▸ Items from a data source
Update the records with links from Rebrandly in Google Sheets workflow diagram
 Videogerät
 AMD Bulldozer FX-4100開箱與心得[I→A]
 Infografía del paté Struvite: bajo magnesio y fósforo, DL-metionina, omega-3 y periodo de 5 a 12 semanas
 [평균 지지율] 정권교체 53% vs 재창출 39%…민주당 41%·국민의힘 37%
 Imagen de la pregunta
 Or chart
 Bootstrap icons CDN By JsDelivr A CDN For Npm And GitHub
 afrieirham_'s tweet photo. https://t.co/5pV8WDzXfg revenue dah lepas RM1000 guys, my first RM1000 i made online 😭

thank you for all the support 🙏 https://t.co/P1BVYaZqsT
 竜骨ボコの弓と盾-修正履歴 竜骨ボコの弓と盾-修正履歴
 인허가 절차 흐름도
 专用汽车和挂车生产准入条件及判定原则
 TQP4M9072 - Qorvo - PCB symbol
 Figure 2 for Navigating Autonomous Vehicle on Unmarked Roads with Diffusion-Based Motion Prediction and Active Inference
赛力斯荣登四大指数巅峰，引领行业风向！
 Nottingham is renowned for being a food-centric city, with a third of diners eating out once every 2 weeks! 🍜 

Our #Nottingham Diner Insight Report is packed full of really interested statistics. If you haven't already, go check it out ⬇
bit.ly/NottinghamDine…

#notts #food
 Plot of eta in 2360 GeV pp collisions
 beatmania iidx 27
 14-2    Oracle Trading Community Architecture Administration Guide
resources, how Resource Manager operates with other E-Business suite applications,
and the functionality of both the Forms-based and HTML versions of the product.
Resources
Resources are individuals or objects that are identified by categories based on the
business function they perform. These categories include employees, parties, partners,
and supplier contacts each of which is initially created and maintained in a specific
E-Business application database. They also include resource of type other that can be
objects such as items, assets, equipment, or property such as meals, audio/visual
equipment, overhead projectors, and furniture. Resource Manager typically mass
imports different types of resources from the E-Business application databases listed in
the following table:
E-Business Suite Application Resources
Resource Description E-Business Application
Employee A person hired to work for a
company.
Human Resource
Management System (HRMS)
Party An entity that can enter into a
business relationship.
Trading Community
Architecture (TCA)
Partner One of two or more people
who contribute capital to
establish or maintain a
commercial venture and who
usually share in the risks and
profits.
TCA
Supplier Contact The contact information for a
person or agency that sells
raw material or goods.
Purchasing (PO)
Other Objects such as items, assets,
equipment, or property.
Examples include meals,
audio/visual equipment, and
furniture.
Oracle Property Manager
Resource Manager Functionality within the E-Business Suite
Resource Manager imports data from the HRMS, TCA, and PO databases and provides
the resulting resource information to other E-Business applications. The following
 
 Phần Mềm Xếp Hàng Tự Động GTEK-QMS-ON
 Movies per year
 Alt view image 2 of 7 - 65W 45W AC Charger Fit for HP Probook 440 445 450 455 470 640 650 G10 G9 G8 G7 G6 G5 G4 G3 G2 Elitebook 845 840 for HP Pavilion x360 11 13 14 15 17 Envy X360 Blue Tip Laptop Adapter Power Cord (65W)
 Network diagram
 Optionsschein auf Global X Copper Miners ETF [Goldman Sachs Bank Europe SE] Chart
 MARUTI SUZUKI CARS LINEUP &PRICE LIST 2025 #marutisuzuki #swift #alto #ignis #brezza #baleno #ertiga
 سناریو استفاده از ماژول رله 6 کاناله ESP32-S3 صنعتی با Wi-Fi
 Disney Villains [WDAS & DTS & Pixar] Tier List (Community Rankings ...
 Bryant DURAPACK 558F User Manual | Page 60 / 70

▸ AIM OF THE EXERCISE
Each record must be returned in full and exactly.

▸ TASK RESULT
Update the records with links from Rebrandly in Google Sheets workflow diagram
 Videogerät
 AMD Bulldozer FX-4100開箱與心得[I→A]
 Infografía del paté Struvite: bajo magnesio y fósforo, DL-metionina, omega-3 y periodo de 5 a 12 semanas
 [평균 지지율] 정권교체 53% vs 재창출 39%…민주당 41%·국민의힘 37%
 Imagen de la pregunta
 Or chart
 Bootstrap icons CDN By JsDelivr A CDN For Npm And GitHub
 afrieirham_'s tweet photo. https://t.co/5pV8WDzXfg revenue dah lepas RM1000 guys, my first RM1000 i made online 😭

thank you for all the support 🙏 https://t.co/P1BVYaZqsT
 竜骨ボコの弓と盾-修正履歴 竜骨ボコの弓と盾-修正履歴
 인허가 절차 흐름도
 专用汽车和挂车生产准入条件及判定原则
 TQP4M9072 - Qorvo - PCB symbol
 Figure 2 for Navigating Autonomous Vehicle on Unmarked Roads with Diffusion-Based Motion Prediction and Active Inference
赛力斯荣登四大指数巅峰，引领行业风向！
 Nottingham is renowned for being a food-centric city, with a third of diners eating out once every 2 weeks! 🍜 

Our #Nottingham Diner Insight Report is packed full of really interested statistics. If you haven't already, go check it out ⬇
bit.ly/NottinghamDine…

#notts #food
 Plot of eta in 2360 GeV pp collisions
 beatmania iidx 27
 14-2    Oracle Trading Community Architecture Administration Guide
resources, how Resource Manager operates with other E-Business suite applications,
and the functionality of both the Forms-based and HTML versions of the product.
Resources
Resources are individuals or objects that are identified by categories based on the
business function they perform. These categories include employees, parties, partners,
and supplier contacts each of which is initially created and maintained in a specific
E-Business application database. They also include resource of type other that can be
objects such as items, assets, equipment, or property such as meals, audio/visual
equipment, overhead projectors, and furniture. Resource Manager typically mass
imports different types of resources from the E-Business application databases listed in
the following table:
E-Business Suite Application Resources
Resource Description E-Business Application
Employee A person hired to work for a
company.
Human Resource
Management System (HRMS)
Party An entity that can enter into a
business relationship.
Trading Community
Architecture (TCA)
Partner One of two or more people
who contribute capital to
establish or maintain a
commercial venture and who
usually share in the risks and
profits.
TCA
Supplier Contact The contact information for a
person or agency that sells
raw material or goods.
Purchasing (PO)
Other Objects such as items, assets,
equipment, or property.
Examples include meals,
audio/visual equipment, and
furniture.
Oracle Property Manager
Resource Manager Functionality within the E-Business Suite
Resource Manager imports data from the HRMS, TCA, and PO databases and provides
the resulting resource information to other E-Business applications. The following
 
 Phần Mềm Xếp Hàng Tự Động GTEK-QMS-ON
 Movies per year
 Alt view image 2 of 7 - 65W 45W AC Charger Fit for HP Probook 440 445 450 455 470 640 650 G10 G9 G8 G7 G6 G5 G4 G3 G2 Elitebook 845 840 for HP Pavilion x360 11 13 14 15 17 Envy X360 Blue Tip Laptop Adapter Power Cord (65W)
 Network diagram
 Optionsschein auf Global X Copper Miners ETF [Goldman Sachs Bank Europe SE] Chart
 MARUTI SUZUKI CARS LINEUP &PRICE LIST 2025 #marutisuzuki #swift #alto #ignis #brezza #baleno #ertiga
 سناریو استفاده از ماژول رله 6 کاناله ESP32-S3 صنعتی با Wi-Fi
 Disney Villains [WDAS & DTS & Pixar] Tier List (Community Rankings ...
 Bryant DURAPACK 558F User Manual | Page 60 / 70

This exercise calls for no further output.